Petals for Armor is the debut solo studio album by American singer-songwriter Hayley Williams. It was released on May 8, 2020, by Atlantic Records. The album was preceded by two extended plays (EPs), Petals for Armor I and Petals for Armor II, which make up the album's first ten songs.

Williams explained the inspiration behind the title of the album is due to her belief that "the best way for me to protect myself is to be vulnerable." The album was produced by Williams' Paramore bandmate Taylor York and was written throughout 2019 during Paramore's hiatus after touring in support of their fifth studio album, After Laughter (2017).

The album was supported by its lead single, "Simmer", which was released in January 2020, accompanied with its music video. In an interview with BBC Radio, Williams confirmed that she will tour in support of Petals for Armor following its release.

Background
Following extensive touring in support of Paramore's fifth studio album After Laughter (2017), Hayley Williams expressed her feelings about the group's future moving forward explaining that they were not breaking up, however needed time away from writing and touring. In an interview with BBC Radio, in January 2020, Williams explained her process behind developing the album.

Promotion and release

Singles
In December 2019, Williams announced on her birthday that she would be releasing a "taste" of new solo music in January 2020. Williams revealed the song title on social media on January 20, 2020, after posting various teasers over the course of January which featured a "dark aesthetic", with one including a person running through the woods. On January 22, 2020, Hayley Williams released  the lead single "Simmer", the song was written by Williams, Paramore touring musician Joseph Howard, and guitarist Taylor York.

The album's second single, "Dead Horse", was released on April 21, 2020. "'Dead Horse' offers strength back to a younger, weaker version of myself," Williams continues. "I feel like all of this needed to be said in order to embody the kind of woman I hope to be." The music video was released on May 8. It was directed by Zac Farro.

Promotional singles

Singles for Petals for Armor I

"Leave It Alone" was released on January 30, 2020 by Atlantic Records for digital download and to streaming platforms and serves as the second single for Williams' debut solo EP, Petals for Armor I. The song was written by Williams and Joseph Howard and was produced by Taylor York.
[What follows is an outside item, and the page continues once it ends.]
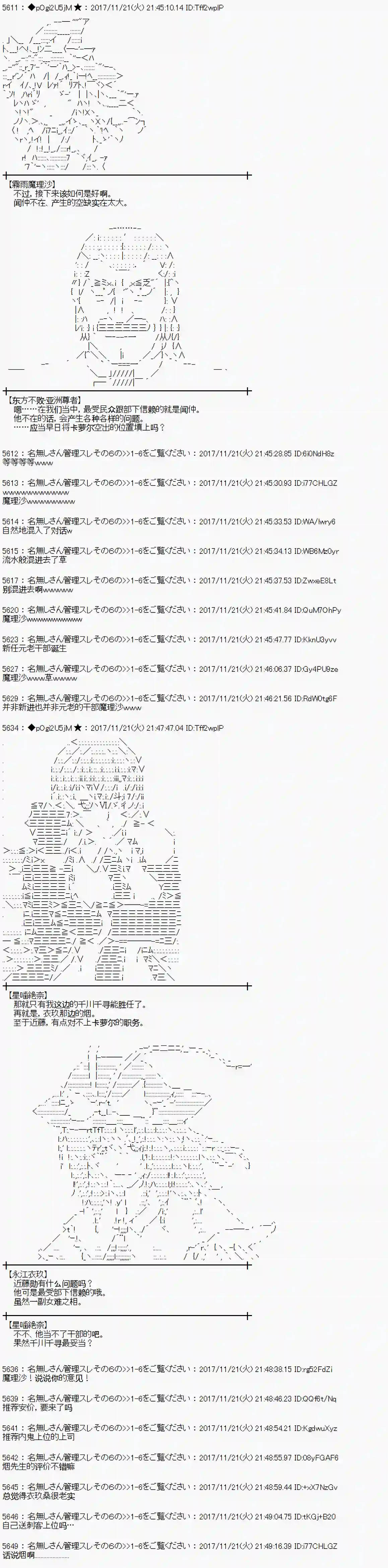 魔理沙似乎在搜集宝贝第130话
The music video for "Leave It Alone" was directed by Warren Fu and serves as a sequel to its predecessor "Simmer". It premiered on the same day as the single's release. Another music video, "Leave It Alone Interlude", premiered on February 3, 2020.

"Cinnamon" was released on February 6, 2020 as a third single from her Petals for Armor I project along with the EP's release. The music video for "Cinnamon" was directed by Warren Fu and serves as a sequel to its predecessor "Leave It Alone".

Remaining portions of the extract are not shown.